Retype, word for word, every line starting at the line with "Jennifer ‘Pincoya’ de Gran Hermano" and ending with the final line of the entries; skip the pictures.
- Opening Delimiter -
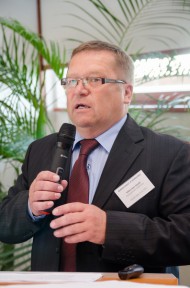 Vítězslav Jonáš, předseda Energetického Třebíčska
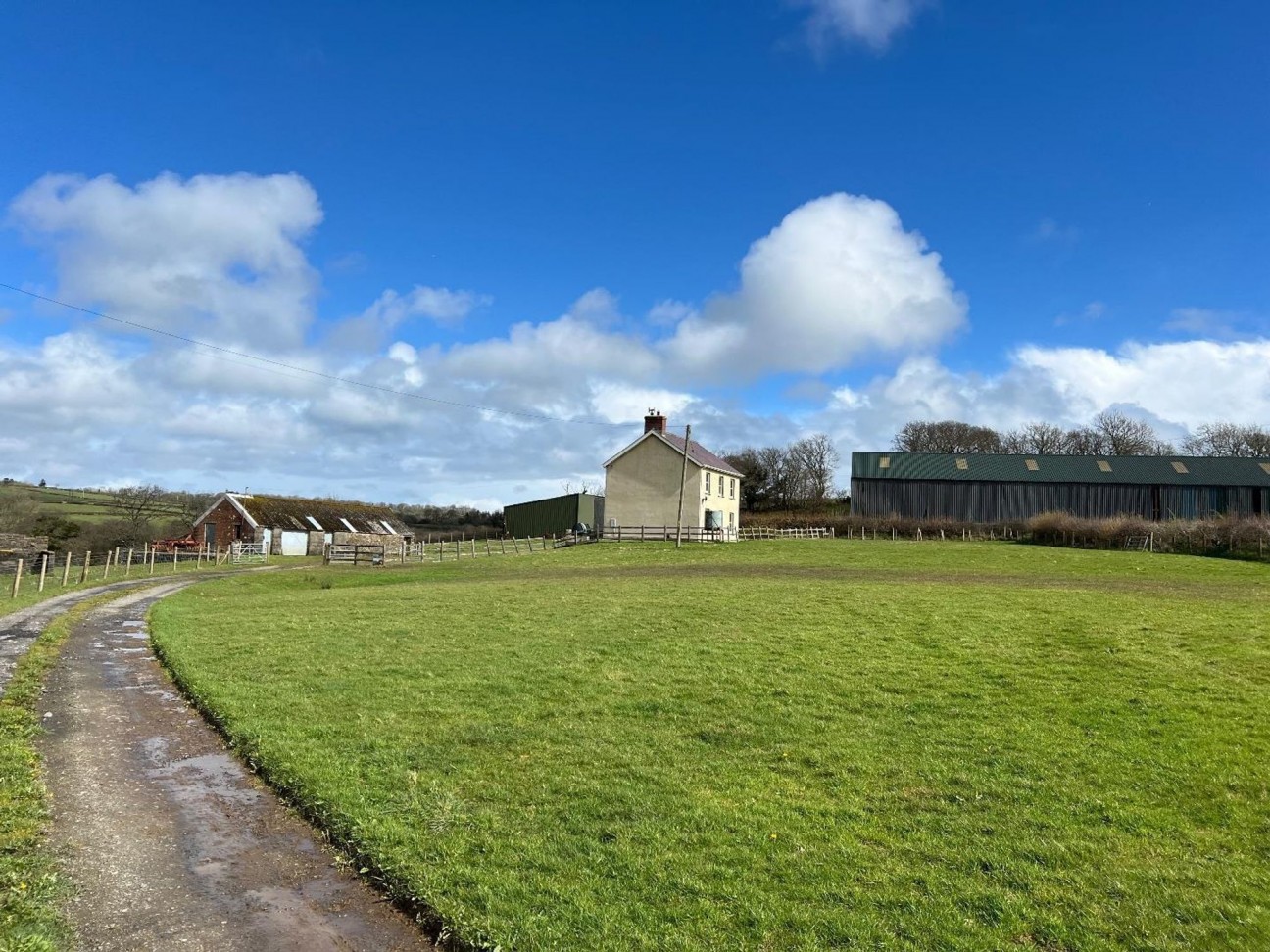 Llawhaden, Narberth, SA67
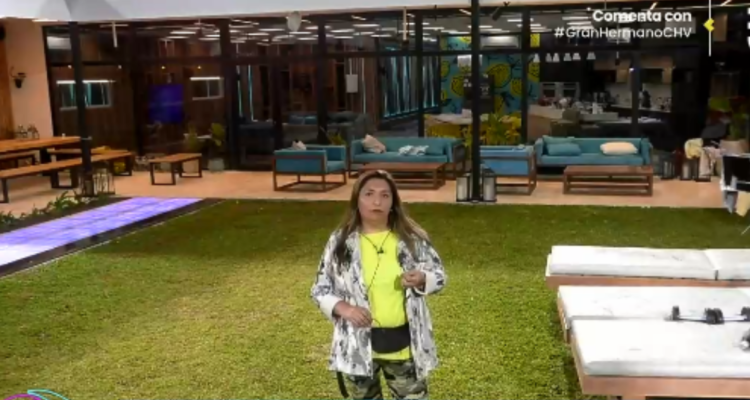 Jennifer ‘Pincoya’ de Gran Hermano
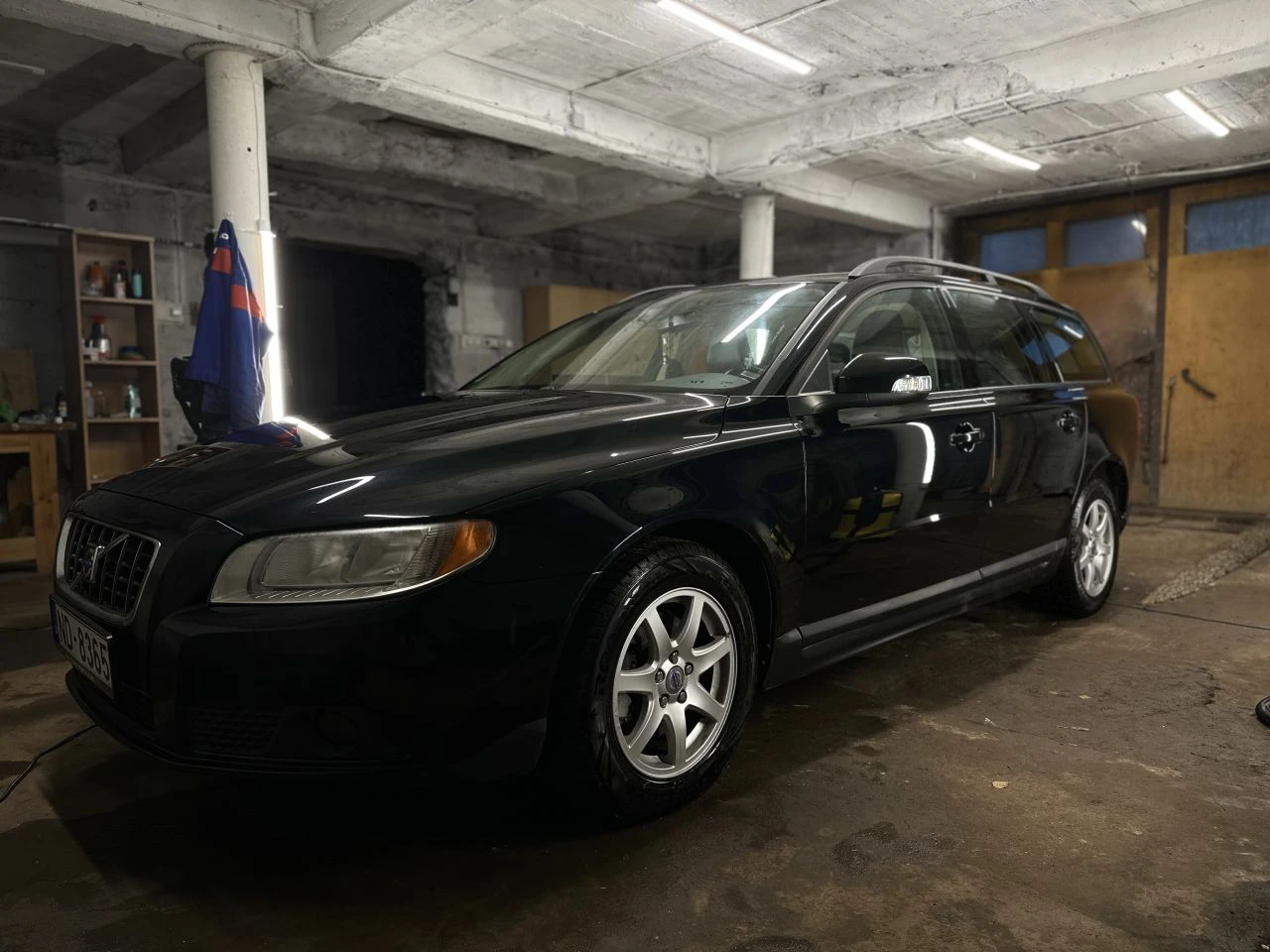 Volvo V70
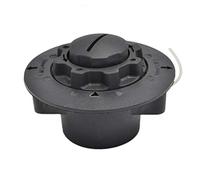 Domybest Tête de Coupe-herbe Tête Coupe-bordure Tête de Rechange de Débroussailleuse pour Tondeuse à Gazon STIHL C5-2 FS38 FS45 FSE60 FS50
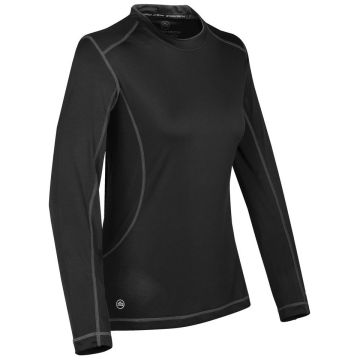 Womens H2X-Dry Hybrid L/S Tee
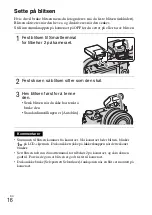 Предварительный просмотр 618 страницы Sony Alpha NEX-5R Instruction Manual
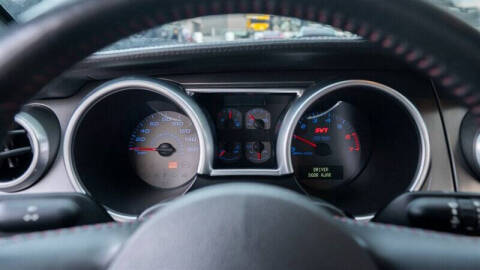 2008 Ford Shelby GT500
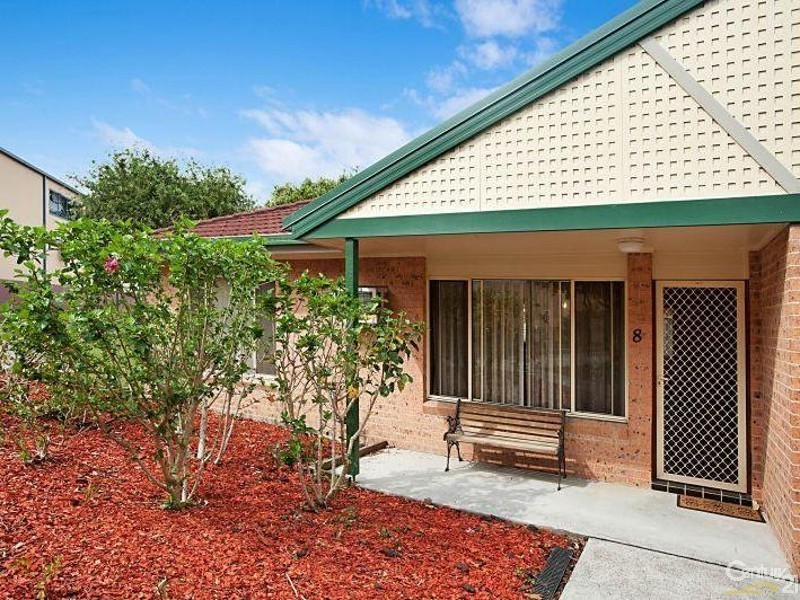 8/87 Chelmsford Drive, East Maitland NSW 2323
- Closing Delimiter -
**EXERCISE OUTPUT:**
 Jennifer ‘Pincoya’ de Gran Hermano
 Volvo V70
 Domybest Tête de Coupe-herbe Tête Coupe-bordure Tête de Rechange de Débroussailleuse pour Tondeuse à Gazon STIHL C5-2 FS38 FS45 FSE60 FS50
 Womens H2X-Dry Hybrid L/S Tee
 Предварительный просмотр 618 страницы Sony Alpha NEX-5R Instruction Manual
 2008 Ford Shelby GT500
 8/87 Chelmsford Drive, East Maitland NSW 2323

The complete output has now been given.